## Instructions for the task
Drop the pictures and restate the rest of the listing word for word.

## Data block
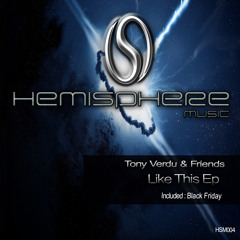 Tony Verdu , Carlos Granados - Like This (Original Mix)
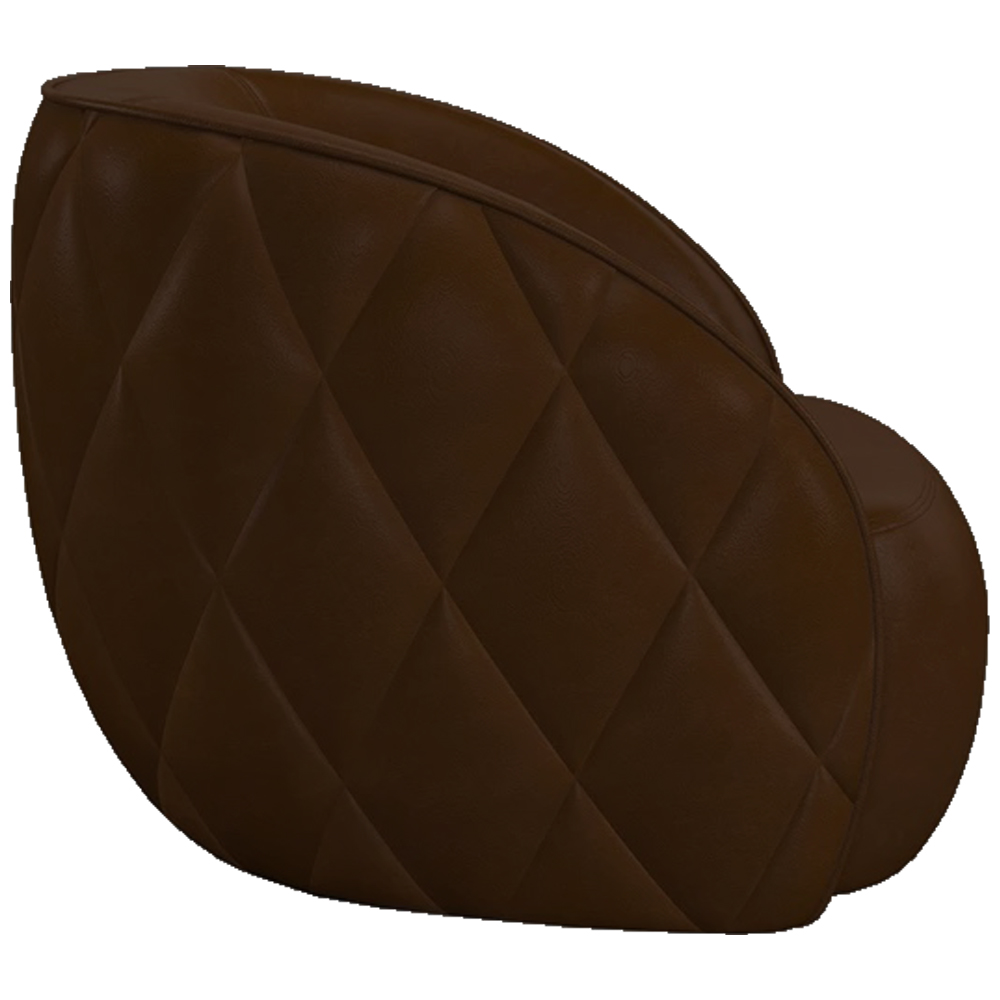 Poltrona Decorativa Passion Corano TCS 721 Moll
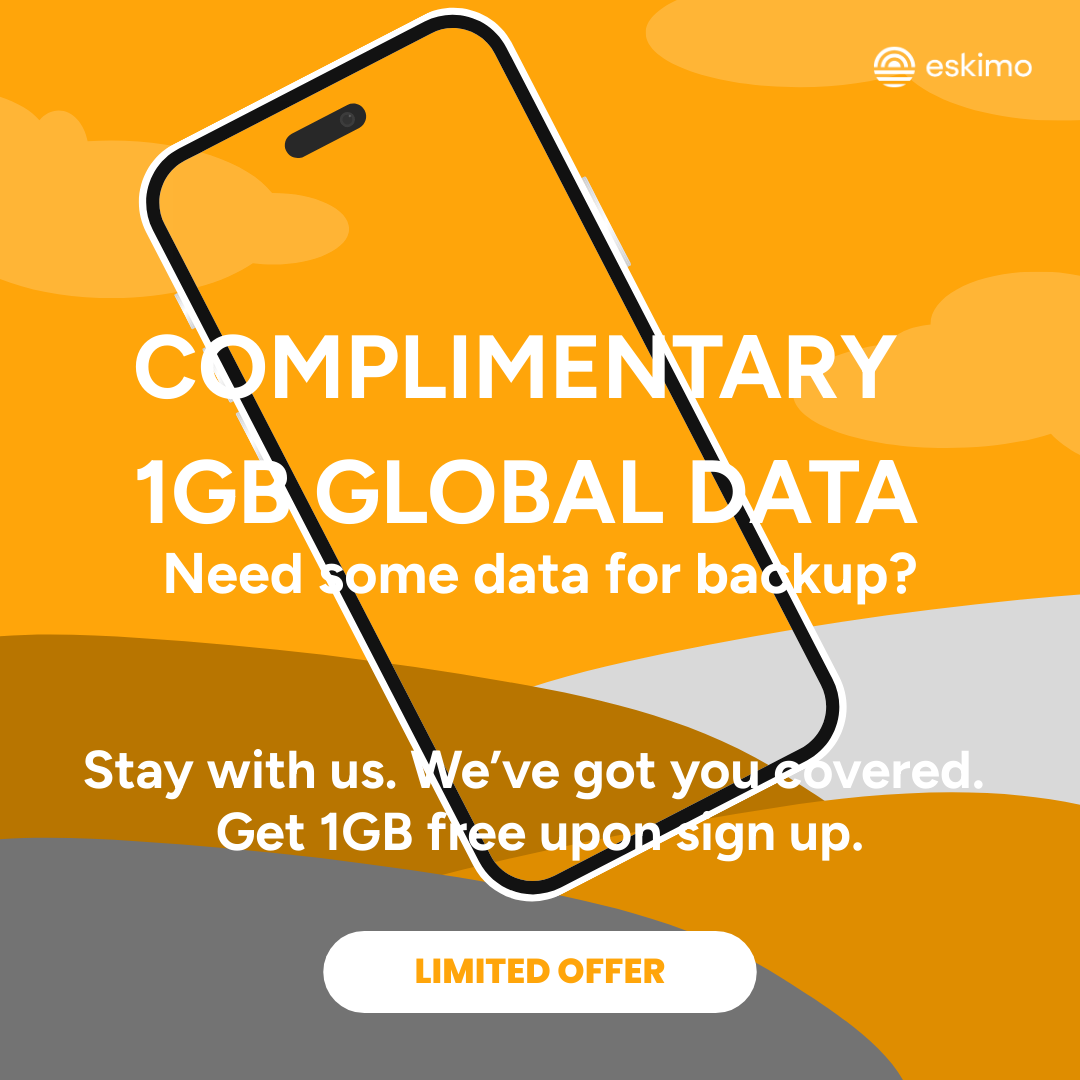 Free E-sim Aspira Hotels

## Solution to the problem
 Tony Verdu , Carlos Granados - Like This (Original Mix)
 Poltrona Decorativa Passion Corano TCS 721 Moll
 Free E-sim Aspira Hotels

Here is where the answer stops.